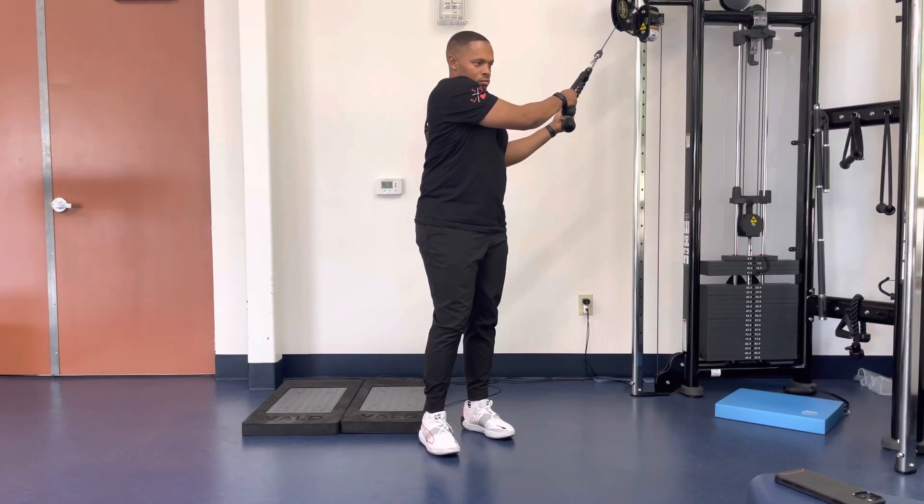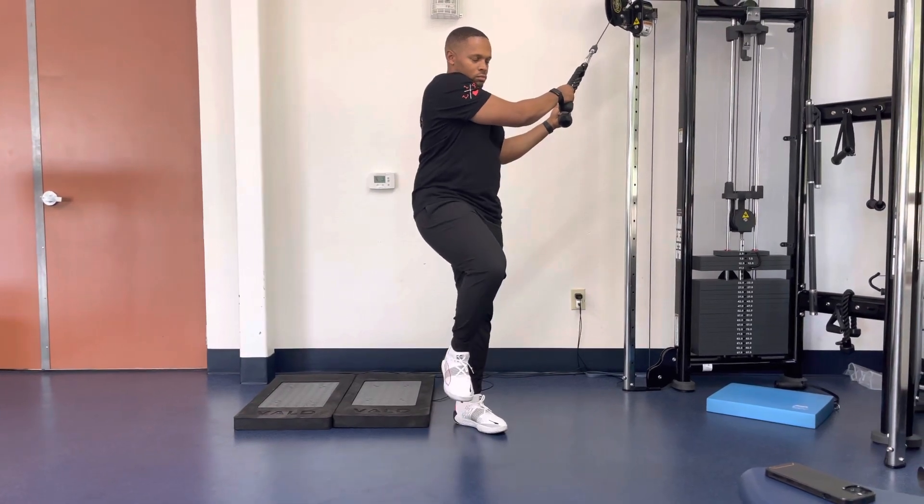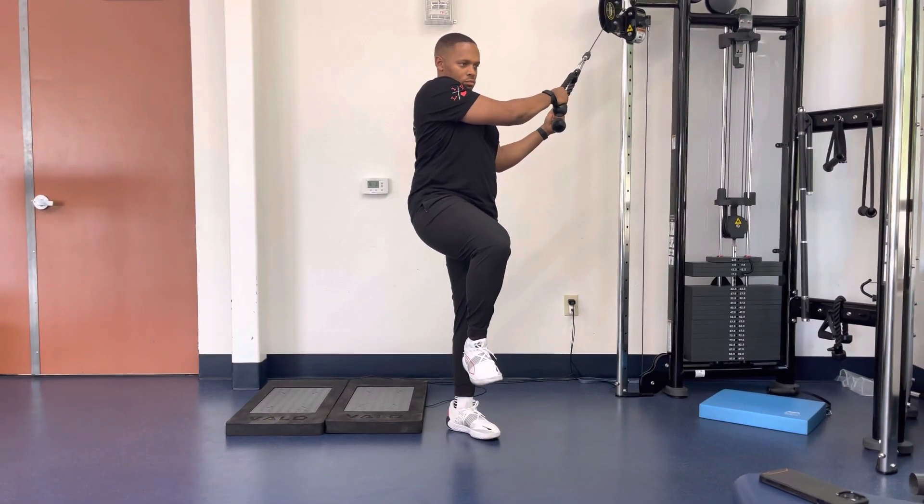For a single leg rotational chop, start in a single leg position with a cable in a high position. Place hands on the cable with the arms straight.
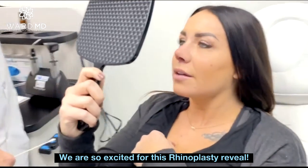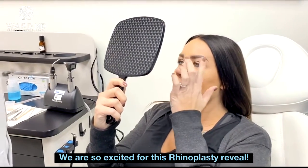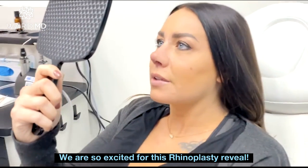It's a little swollen but that's going to go down. Right here is so much thinner — love it. A little bit of black eyes but those will go away over the next week. Yeah, a little swollen, and the tip is a little swollen too.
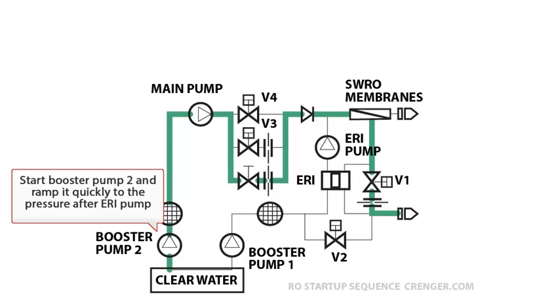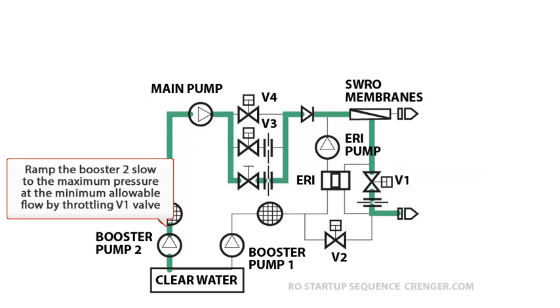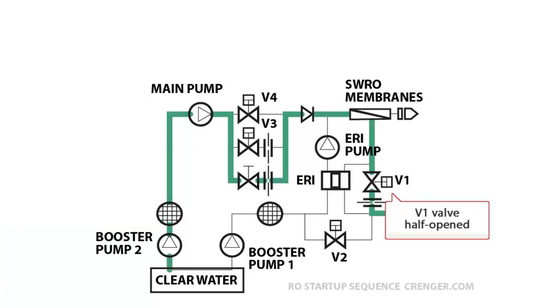Start booster pump 2 and ramp it quickly to the pressure after the ERI pump. Open the V1 valve, then ramp booster pump 2 slowly to the maximum pressure at the minimum allowable flow by throttling the V1 valve. Final status: the V1 valve is half opened.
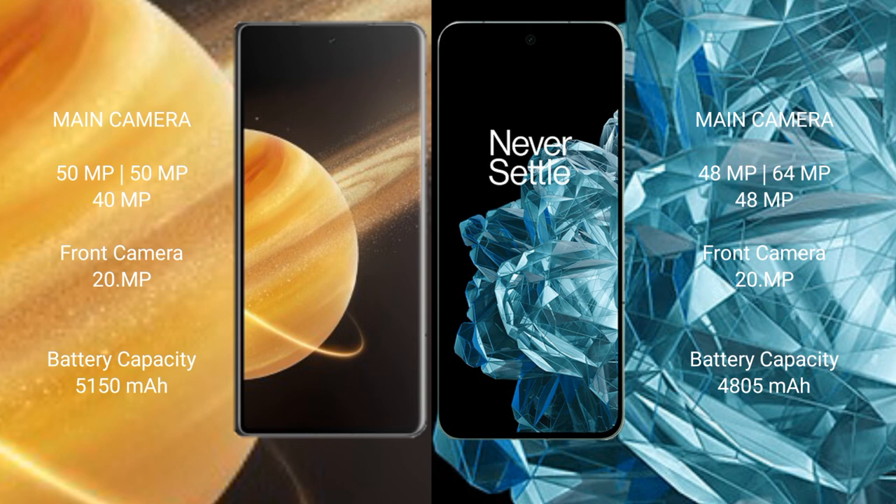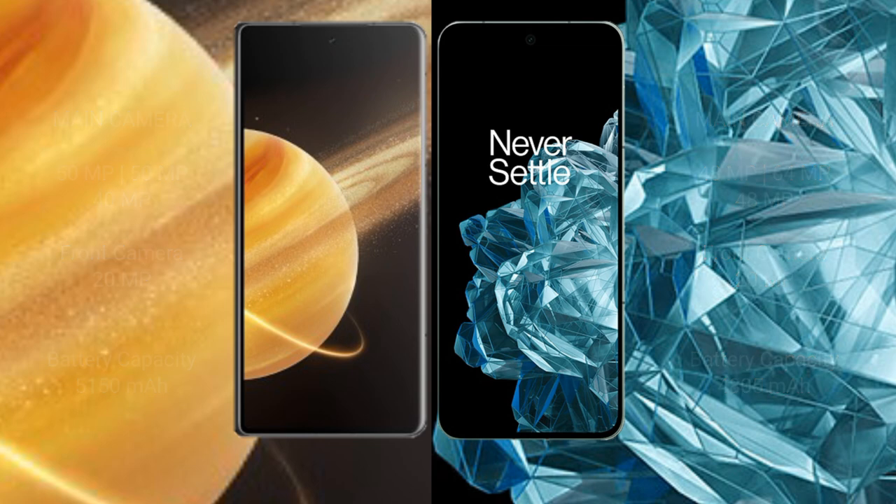Honor Magic V3 has a 5,250 mAh battery with 66-watt fast charging support. OnePlus Open has a 4,805 mAh battery with 67-watt fast charging support.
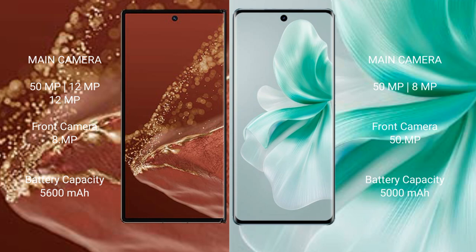The Vivo Mate XT Ultimate has a triple rear camera setup of 50 MP plus 12 MP plus 12 MP, with an 8 MP front camera. The Vivo 18 has a dual rear camera setup of 50 MP plus 8 MP, with a 50 MP front camera. The Vivo Mate XT Ultimate has a 5600 mAh battery with no fast charging support, while the Vivo 18 has a 5000 mAh battery with 80W fast charging support.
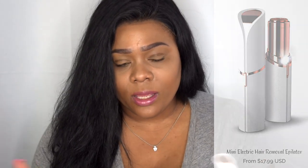You do have to buy a double-A battery separately — it does not come with batteries. But all in all, I like this product. It retails at $17.99, which is a really good price for an epilator; I've seen these retail for way more.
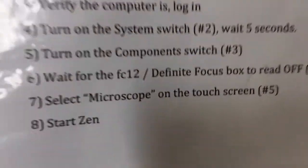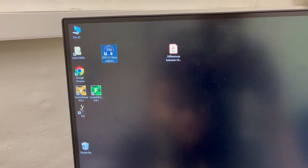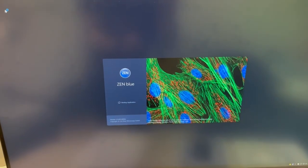The final step for startup is to start Zen. The icon for Zen is in the top left — Zen Blue. You double click on that and the software will load. That completes the startup procedure.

──────────

* _Work instruction_
With the pictures left out, return each entry exactly as written.

* _Solution_
For a single leg rotational chop, start in a single leg position with a cable in a high position. Place hands on the cable with the arms straight.
It's a little swollen but that's going to go down. Right here is so much thinner — love it. A little bit of black eyes but those will go away over the next week. Yeah, a little swollen, and the tip is a little swollen too.
Start booster pump 2 and ramp it quickly to the pressure after the ERI pump. Open the V1 valve, then ramp booster pump 2 slowly to the maximum pressure at the minimum allowable flow by throttling the V1 valve. Final status: the V1 valve is half opened.
Honor Magic V3 has a 5,250 mAh battery with 66-watt fast charging support. OnePlus Open has a 4,805 mAh battery with 67-watt fast charging support.
The Vivo Mate XT Ultimate has a triple rear camera setup of 50 MP plus 12 MP plus 12 MP, with an 8 MP front camera. The Vivo 18 has a dual rear camera setup of 50 MP plus 8 MP, with a 50 MP front camera. The Vivo Mate XT Ultimate has a 5600 mAh battery with no fast charging support, while the Vivo 18 has a 5000 mAh battery with 80W fast charging support.
You do have to buy a double-A battery separately — it does not come with batteries. But all in all, I like this product. It retails at $17.99, which is a really good price for an epilator; I've seen these retail for way more.
The final step for startup is to start Zen. The icon for Zen is in the top left — Zen Blue. You double click on that and the software will load. That completes the startup procedure.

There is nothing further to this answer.